For my specialization I decided to create dependency oriented threading for systems in entt. Ever since the first year of TGA I’ve been playing with the thought of automatically threading gameplay systems in such a way that most of the gameplay code is written the exact same as if it wasn’t in a multi-threaded environment with a separate system drawing conclusions on what you can run in parallel from constraints on components. I tried it multiple times and got a prototype running but I could never figure out how to properly constrain the developer so that they can’t accidentally create race conditions.

This project is mainly to try and understand how threaded systems work and how to work within a highly threaded environment while also minimizing the pain points working in a multi-threaded environment as debugging without tools to help validate is infamously difficult in a threaded environment.

How

For me to be able to automatically thread the systems I first need a standardized way of defining dependencies within the systems. For this I ended up using the hashcode of the component type the system is accessing as well as if we’re writing to the component or not. This data can then be used to build dependencies between jobs.

struct JobDependency
{
    size_t myID;
    bool myIsWriting;
};

For my case this was used to build JobDescriptions which held data about what function to execute as well as the reading/writing IDs (IDs being class hashcodes for my project) and dependencies which are indexes to other JobDescriptions that this one depends on.
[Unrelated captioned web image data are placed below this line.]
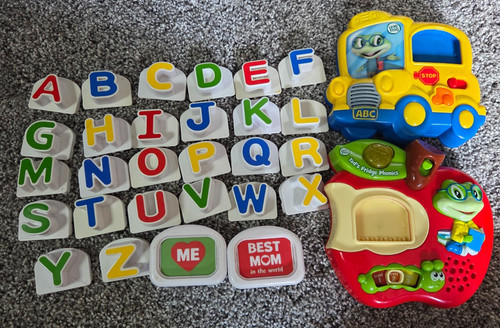 Leap frog tad fridge - leap,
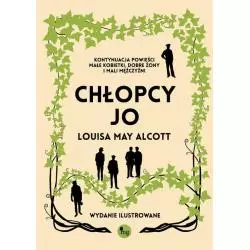 CHŁOPCY JO Louisa May Alcott - MG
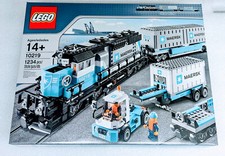 Lego 10219 - LEGO Treno di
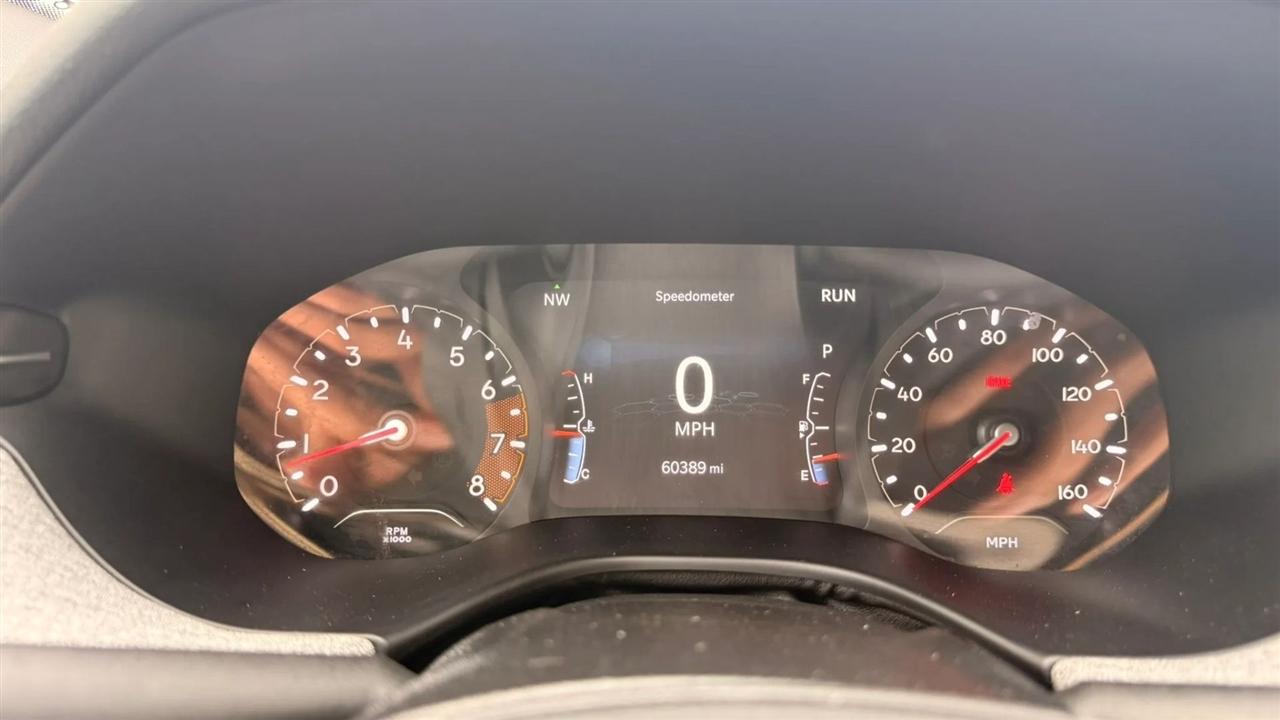Jeep Compass Latitude 2024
JobDescriptions also held onto a name for debugging tools so I could more easily identify in what JobDesc things went wrong.

struct JobDesc
{
    std::function<void()> myFunc;
    std::set<size_t> myReadingIDs
    std::set<size_t> myWritingIDs
    std::set<size_t> myDependencies
    JobHandle myHandle;
    int mySortingOrder;
    unsigned int myUpdatingFrequency;
};

One part of this project that was really hard to get right was the JobScheduler. It went through multiple iterations where at first I had a bucket system where jobs get dispatched in groups depending on the dependencies between them but it didn’t even get close to maximum concurrency and it forced a lot of unnecessary sync points.

So I ended up throwing that system away in favor of waiting for specific jobs that need to be executed first which added more requirements to the JobSystem to be able to give out JobHandles and wait for jobs to finish.

struct Job
{
    std::function<void()> myFunc;
    std::vector<JobHandle> myDependencies;
    JobHandle myHandle;
    unsigned int myChildren;
    bool myIsExecuting;
};

Scheduling Jobs

This was done by extending the data within a Job in the JobSystem with a JobHandle and a vector of JobHandles as dependencies, as well as the number of children and a bool to check if the job is currently executing or not.

The reason I decided to add a number of children variable was to minimize context switching. Imagine a job only has one child dependency, why risk a context switch when the child job is likely to be able to be ran on the current thread without notifying other threads.

The reason we need to know if the job is executing is because a Job is considered completed as soon as it isn’t queued anymore so we cant remove it from the queue when we start executing but we don’t want to call the same Job twice, hence the IsExecuting boolean to make sure we only call this job once.

inline void JobScheduler::Build()
{
    std::ranges::sort(myJobs, {}, &JobDesc::mySortingOrder);

    for (unsigned i = 0; i < myJobs.size(); ++i) {
        std::set<JobHandle> implicitDependencies{};
        myJobs[i].myDependencies = {};

        for (int otherJobID = i - 1; otherJobID >= 0; --otherJobID)
        {
            if (implicitDependencies.contains(otherJobID)) continue;
            if (!myJobs[i].CanExecuteAlongside(myJobs[otherJobID]))
            {
                myJobs[i].myDependencies.insert(otherJobID);
                AddImplicitDependency(implicitDependencies, myJob[otherJobID]);
            }
        }
    }
}

With the final version of the JobScheduler it now builds dependencies with the use of JobDescriptions to support the addition of systems in an unordered manner so gameplay systems can correctly register their systems in relation to engine systems and it also gives the engine systems a way of placing systems after gameplay systems by default.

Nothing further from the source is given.